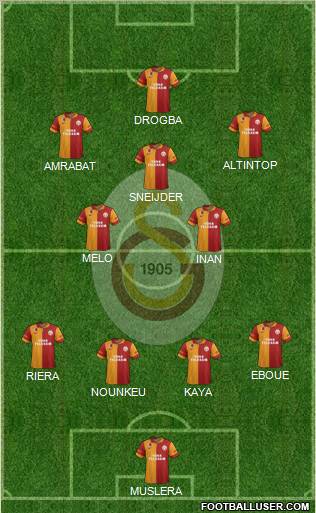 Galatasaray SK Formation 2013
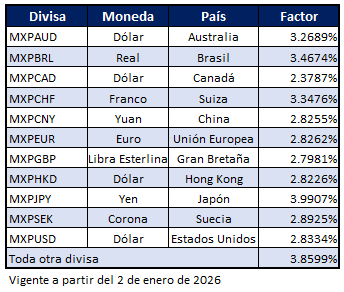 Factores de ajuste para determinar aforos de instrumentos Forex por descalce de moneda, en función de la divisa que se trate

·····

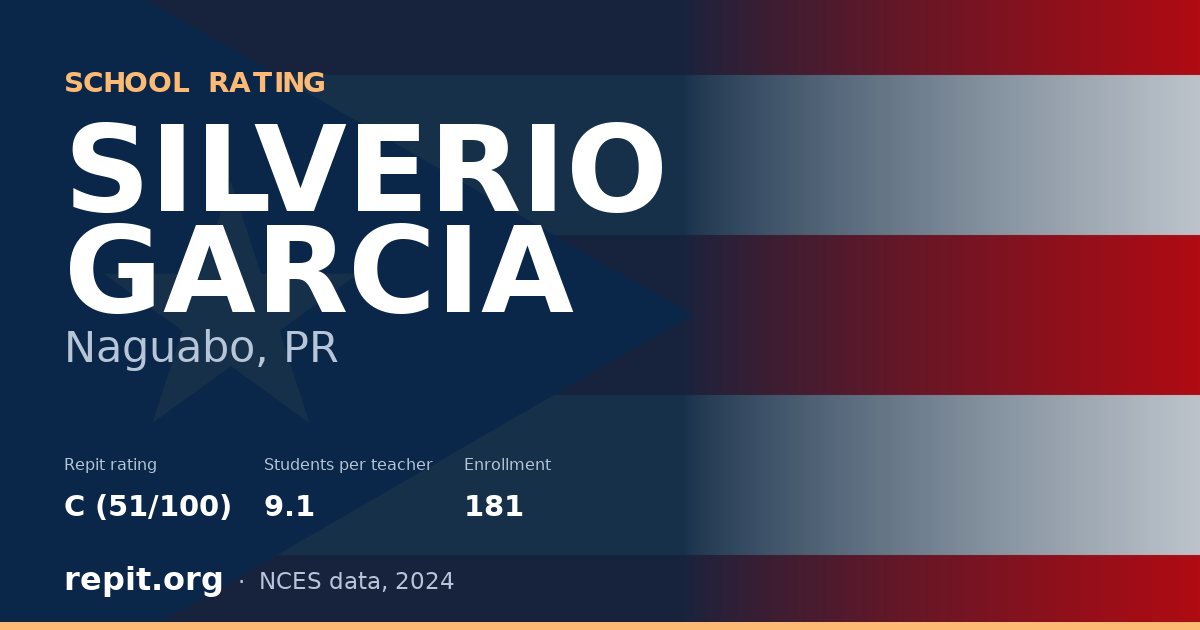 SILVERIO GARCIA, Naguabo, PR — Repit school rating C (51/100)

·····

■ WHAT TO DO
Give back exactly, and solely, the section of the data above bounded by the line containing "Galatasaray SK Formation 2013" and the line containing "Factores de ajuste", both bounding lines included and pictures omitted.

■ COMPLETED EXERCISE
 Galatasaray SK Formation 2013
 Factores de ajuste para determinar aforos de instrumentos Forex por descalce de moneda, en función de la divisa que se trate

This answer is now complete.